▶ Input data
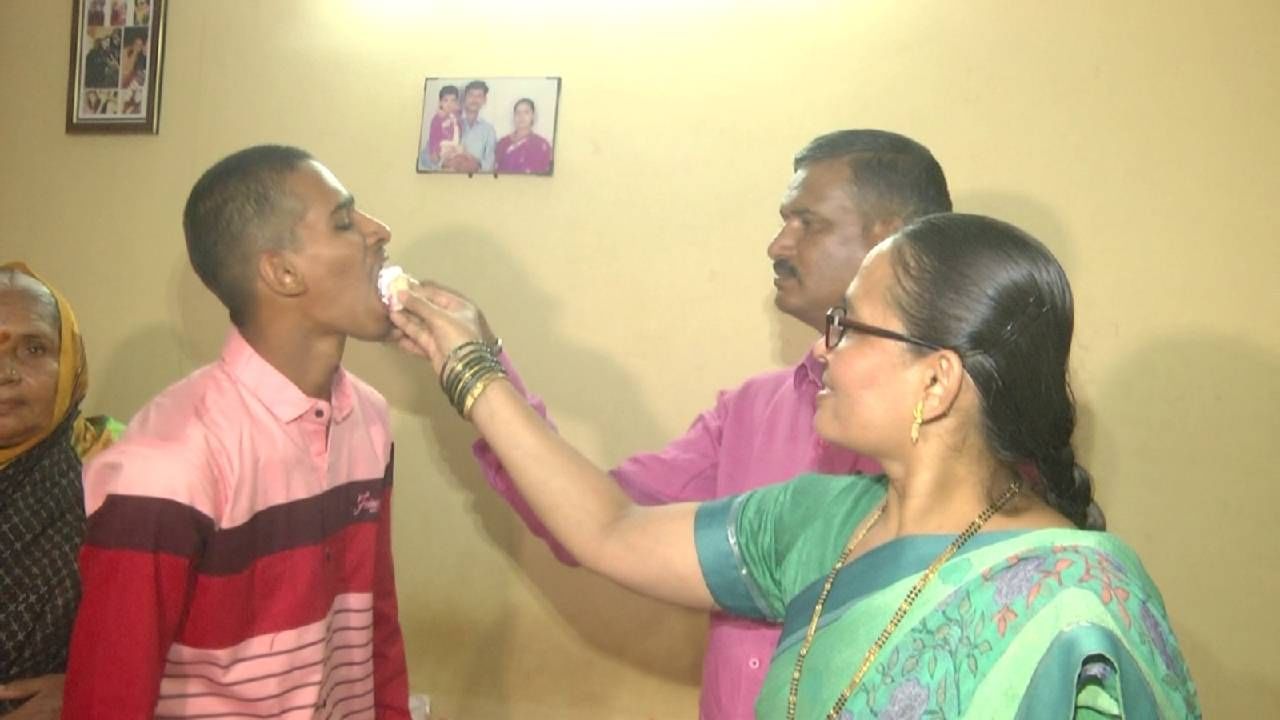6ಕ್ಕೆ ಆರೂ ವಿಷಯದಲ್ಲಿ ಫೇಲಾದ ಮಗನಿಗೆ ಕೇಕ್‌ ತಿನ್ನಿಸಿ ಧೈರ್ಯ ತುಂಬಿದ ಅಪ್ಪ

---

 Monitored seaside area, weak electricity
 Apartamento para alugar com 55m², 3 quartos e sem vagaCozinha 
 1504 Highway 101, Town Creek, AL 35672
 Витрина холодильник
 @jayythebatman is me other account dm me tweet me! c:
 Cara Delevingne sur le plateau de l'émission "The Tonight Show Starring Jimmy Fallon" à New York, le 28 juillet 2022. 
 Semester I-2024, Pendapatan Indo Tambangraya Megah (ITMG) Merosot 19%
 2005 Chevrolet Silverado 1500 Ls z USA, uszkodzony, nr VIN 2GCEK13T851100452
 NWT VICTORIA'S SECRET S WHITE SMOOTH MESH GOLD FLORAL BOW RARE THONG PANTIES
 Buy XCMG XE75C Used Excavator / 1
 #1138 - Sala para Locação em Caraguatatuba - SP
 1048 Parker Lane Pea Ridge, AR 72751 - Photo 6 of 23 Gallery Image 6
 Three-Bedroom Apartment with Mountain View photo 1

▶ Aim of the task
Print only what lies in the material above starting at the line with "2005 Chevrolet Silverado" and ending at the line with "Three-Bedroom Apartment with", every line exactly as given.

▶ Result for this exercise
 2005 Chevrolet Silverado 1500 Ls z USA, uszkodzony, nr VIN 2GCEK13T851100452
 NWT VICTORIA'S SECRET S WHITE SMOOTH MESH GOLD FLORAL BOW RARE THONG PANTIES
 Buy XCMG XE75C Used Excavator / 1
 #1138 - Sala para Locação em Caraguatatuba - SP
 1048 Parker Lane Pea Ridge, AR 72751 - Photo 6 of 23 Gallery Image 6
 Three-Bedroom Apartment with Mountain View photo 1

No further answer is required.